Pandas str.contains Method

Authors

Pandas is a powerful library for data analysis and manipulation in Python.

One of the most important operations when working with a dataset is filtering data based on certain conditions.

In this blog post, we will discuss the str.contains method in Pandas, a powerful tool for filtering data based on patterns in string columns.

str.contains Method

The str.contains method is used to filter data based on patterns in string columns.

It is often used in SQL-style data filtering, and Pandas provides similar functionality.

The str.contains method returns a Boolean mask indicating whether each element in the string column matches a specified pattern.

This Boolean mask can then be used to index into the DataFrame to extract the rows of interest.

Let's start by creating a sample DataFrame to work with:

import pandas as pd

data = {
    'Name': ['John', 'Jane', 'Jim', 'Jessica', 'Jack'],
    'City': ['New York', 'San Francisco', 'London', 'Paris', 'Berlin']
}

df = pd.DataFrame(data)

To filter data based on a pattern in the 'Name' column, we can use the str.contains method and pass in the pattern we want to match:

pattern = 'J'
filtered_df = df[df['Name'].str.contains(pattern, case=False)]

In this example, we set case=False to ignore case when matching the pattern.
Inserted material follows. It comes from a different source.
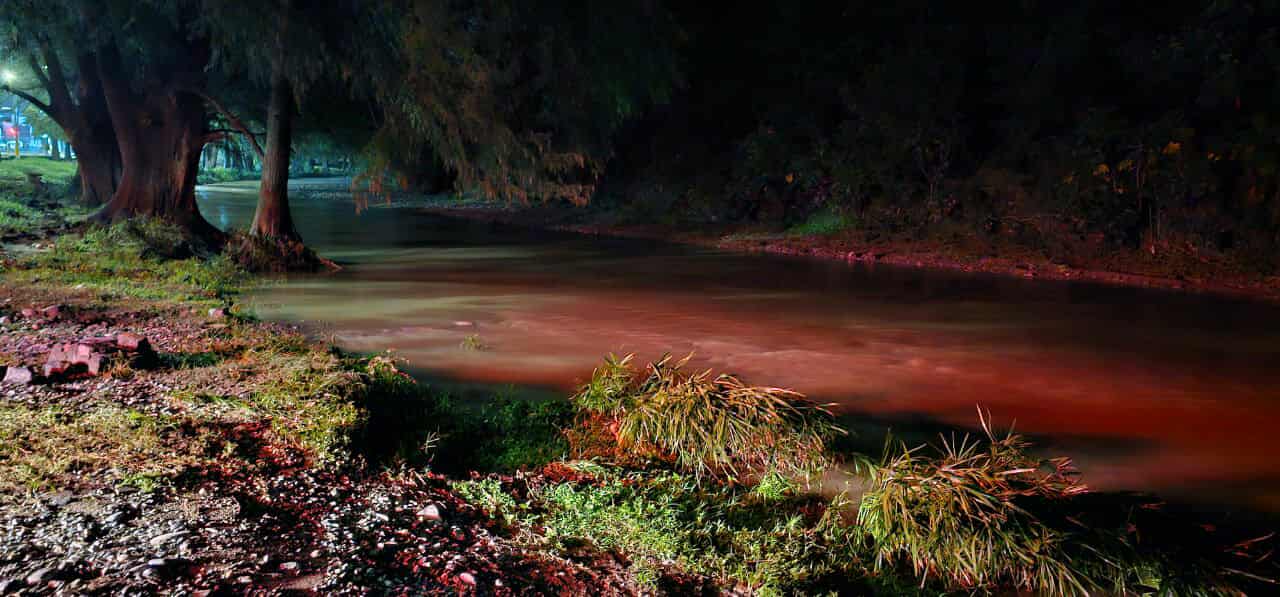 Rescatan a 10 tras inundaciones; PC reporta saldo blanco 5 553085032 701443949647851 6599806685333214389 n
The resulting DataFrame, filtered_df, will contain all rows where the 'Name' column contains the letter 'J'.

Match Multiple Patterns

It's also possible to match multiple patterns by using the | operator:

pattern = 'J|i'
filtered_df = df[df['Name'].str.contains(pattern, case=False)]

This will return all rows where the 'Name' column contains either the letter 'J' or the letter 'i'.

Match Patterns At Start And End

You can also match patterns at the start or end of a string using the ^ and $ symbols respectively:

start_pattern = '^J'
filtered_df = df[df['Name'].str.contains(start_pattern, case=False)]

end_pattern = 'n$'
filtered_df = df[df['Name'].str.contains(end_pattern, case=False)]

In this example, the first line returns all rows where the 'Name' column starts with the letter 'J', while the second line returns all rows where the 'Name' column ends with the letter 'n'.

Summary

In conclusion, the str.contains method is an essential tool for filtering data based on patterns in string columns in Pandas.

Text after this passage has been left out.